A financial firm that prepares clients for market shifts before they happen creates trust. An advisor who reaches out with proactive strategies instead of reacting to requests builds credibility.
This can be as simple as:
- Sending a quarterly personalized market update based on a client's portfolio.
- Offering preemptive risk assessments during economic downturns.
- Checking in during major life events (marriage, job changes, inheritance) with relevant financial advice.
5. Make the experience feel premium no matter the client's net worth
It’s easy to roll out the red carpet for high-net-worth clients. But what about the ones just starting out?
The financial industry has a reputation for being cold and intimidating, especially for those without millions to invest. That’s where underpromising and overdelivering can be a game-changer.
Something like:
- Remembering a client's birthday with a handwritten note.
- Offering a free educational workshop tailored to younger investors.
- Assigning a dedicated contact for all inquiries, no matter how small.
These gestures create a feeling of exclusivity and importance that fosters loyalty. And as those smaller clients grow in wealth, they’ll remember who treated them with respect from the beginning.
Why this strategy pays off
Underpromising and overdelivering are more than good ethics; they are good business.
When you consistently provide more than expected, clients trust you, and trust leads to loyalty. Loyal clients stay longer and refer others. This strong reputation attracts new business without aggressive (and expensive) sales tactics.
And in finance, trust is everything.
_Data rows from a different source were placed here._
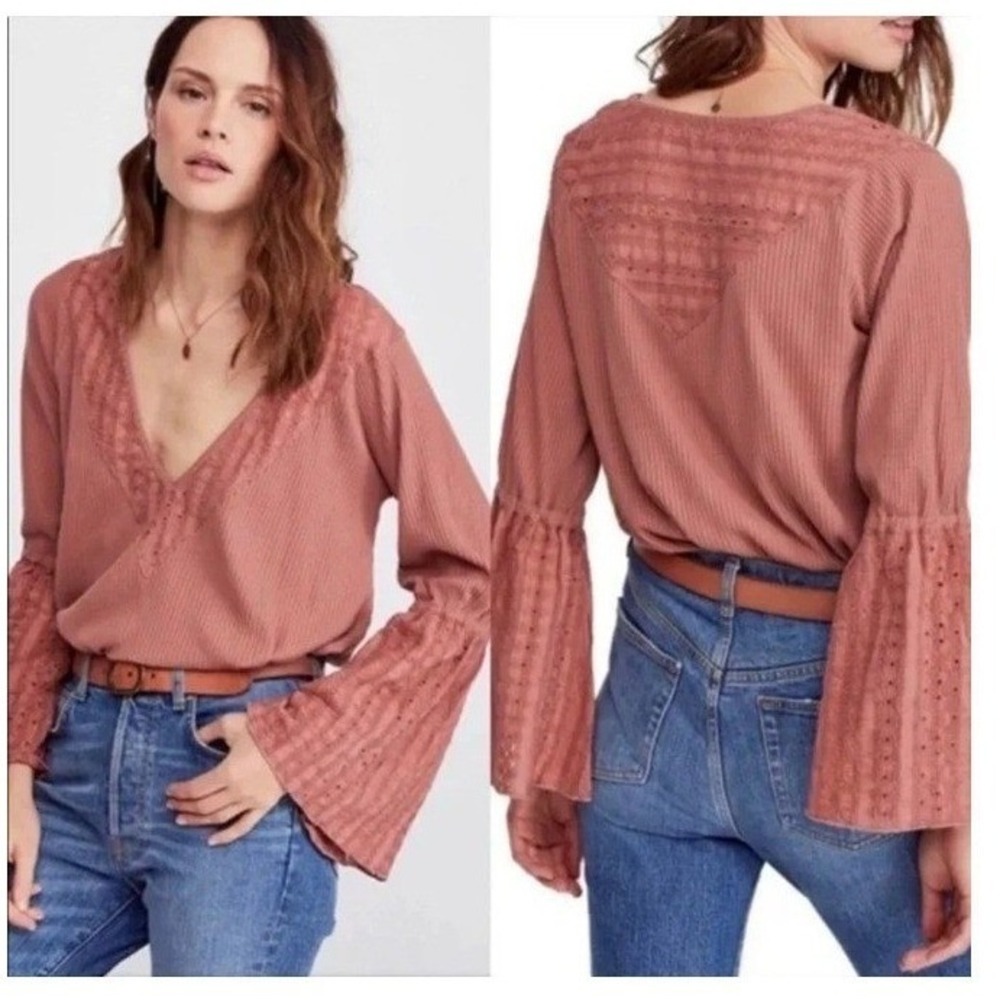 Free People Waffle Knit Bell Sleeve Eyelet Relaxed Top V Neck Pink Rose XS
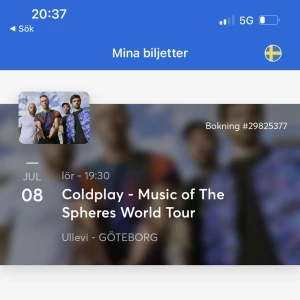 Coldplay biljett - Hej! jag säljer 2st coldplay biljetter den 8 juli i Göteborg. Det är sittplatser. Det går att köpa en biljett bara, det går att köpa separat.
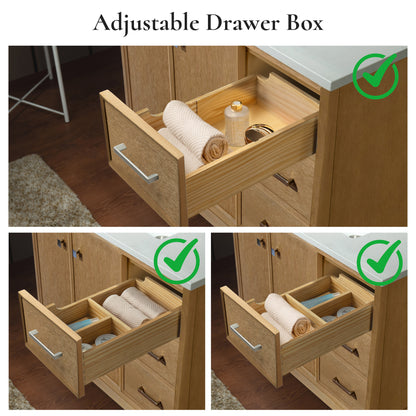 WOODBRIDGE 37" | Single Sink Bathroom Vanity | Engineered Stone Top, Solid Wood Frame, Soft-Close Drawers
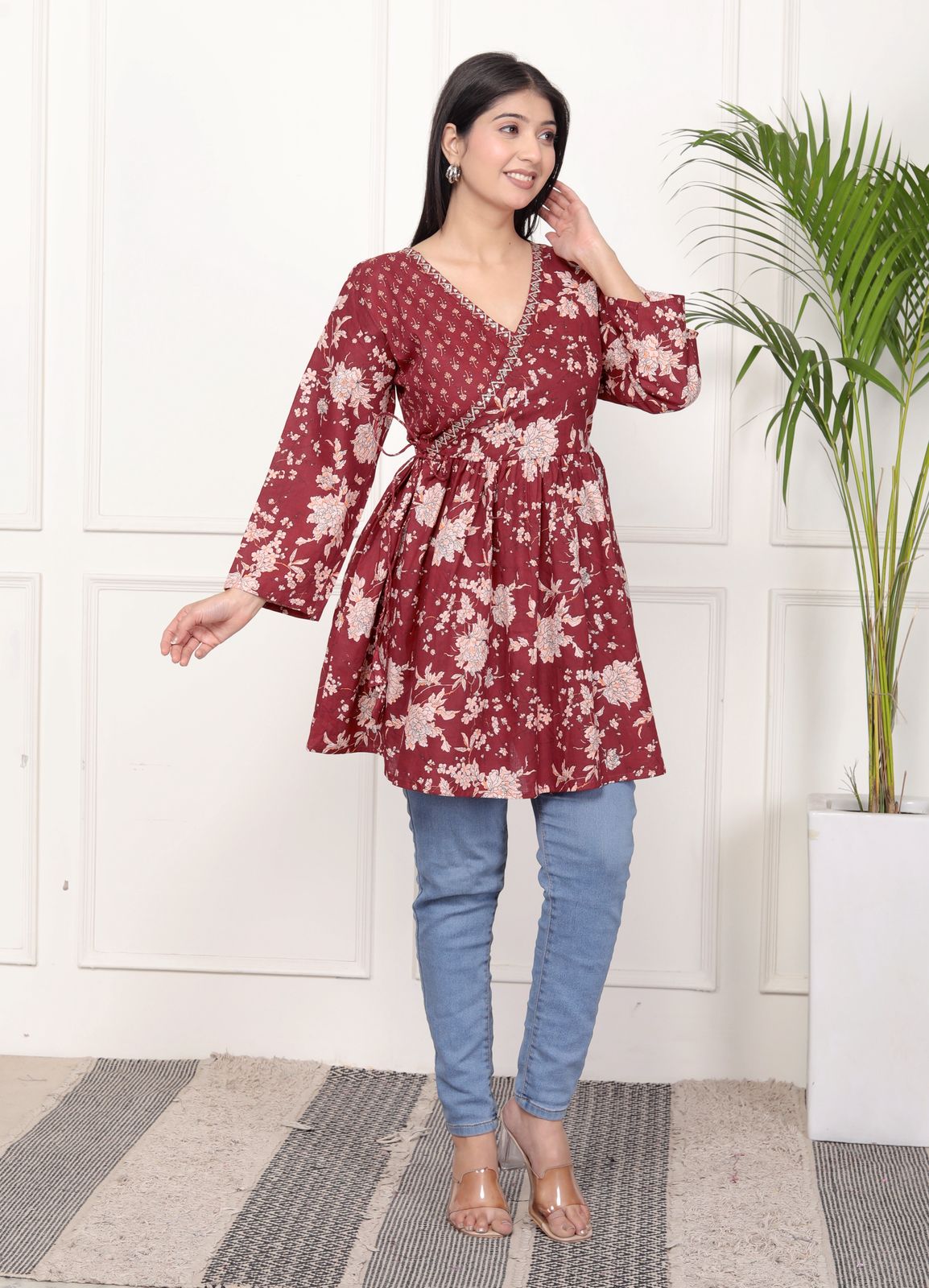 Purple Floral Print Peplum Kurti Top with Side Tie-Ups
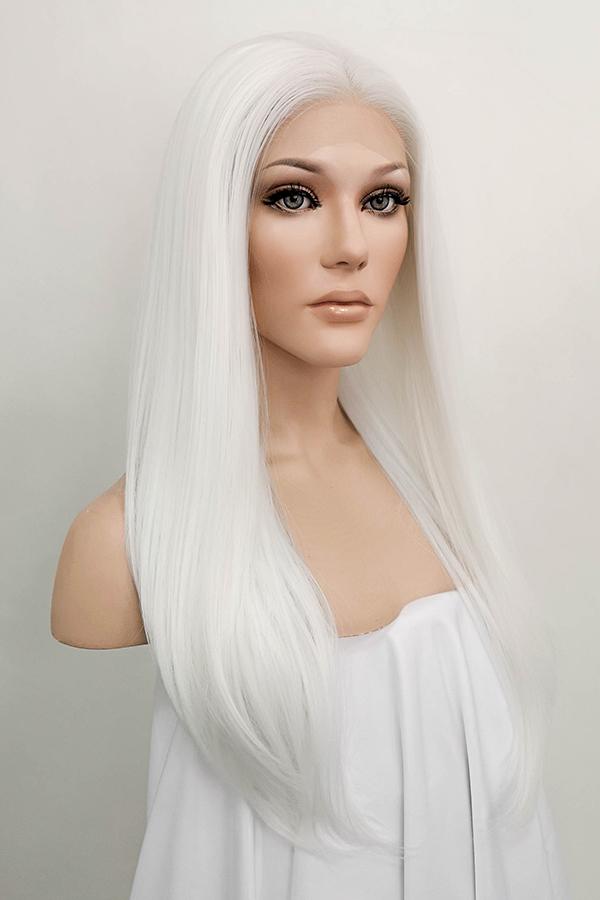 24" White Lace Front Synthetic Hair Wig 20225 - StarLite Hair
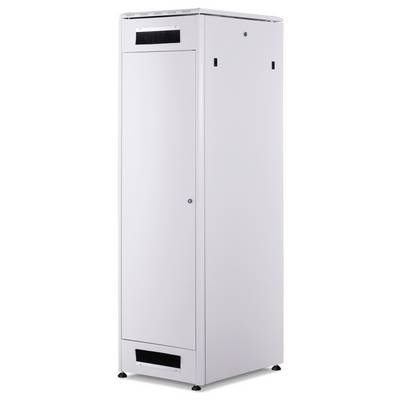 Tall, rectangular grey device with ventilation slots at the top and bottom, likely a server or electronics cabinet.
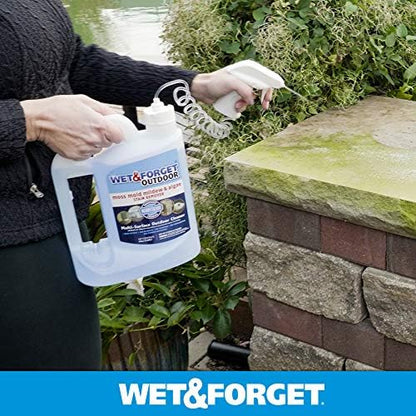 Wet & Forget Outdoor Moss, Mold, Mildew, & Algae Stain Remover Multi-Surface Cleaner, Ready to Use, 64 Fluid Ounces, 4 Pack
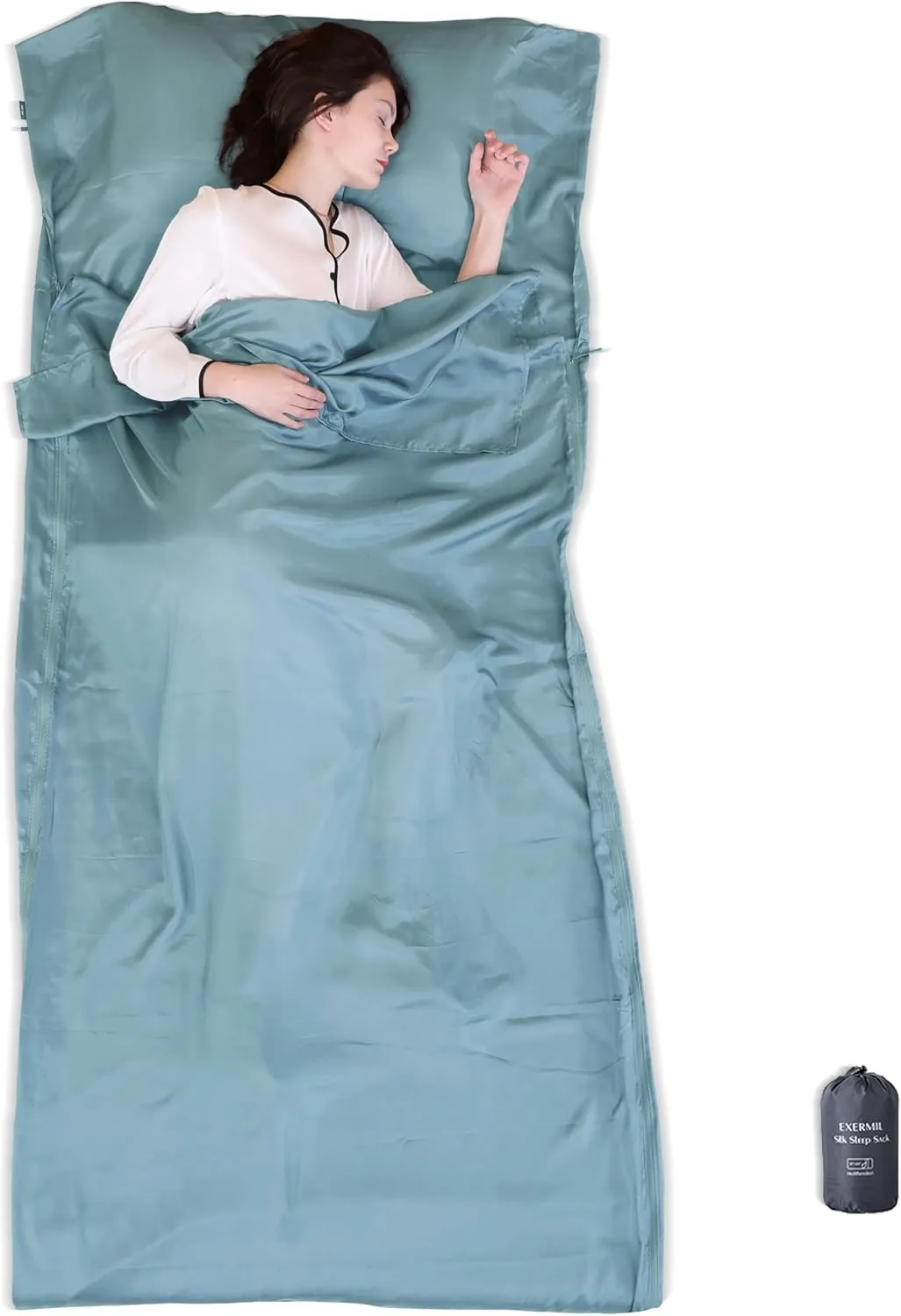 100% Silk Sleep Sack with Zippers on 3 Sides, 87”x43” Large Sleeping Liners for Hotels, Travel & Camping, Multifunctional Travel Sheets (Unzipped:87”x87”) for Adults, Lightweight, All Seasons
Customer satisfaction in financial services is critical because, unlike retail or hospitality, where a bad experience might mean losing a one-time customer, in asset management, losing trust means losing a lifetime of business.
At the end of the day, if you invest in this approach, you’re aiming to play the long game. It’s not about quick wins or short-term gains; it’s about building relationships that last.
People remember how you make them feel. If you can create an experience where they always feel valued, respected, and taken care of, they won’t just stay with you—they’ll become your biggest advocates.
That’s the real return on investment.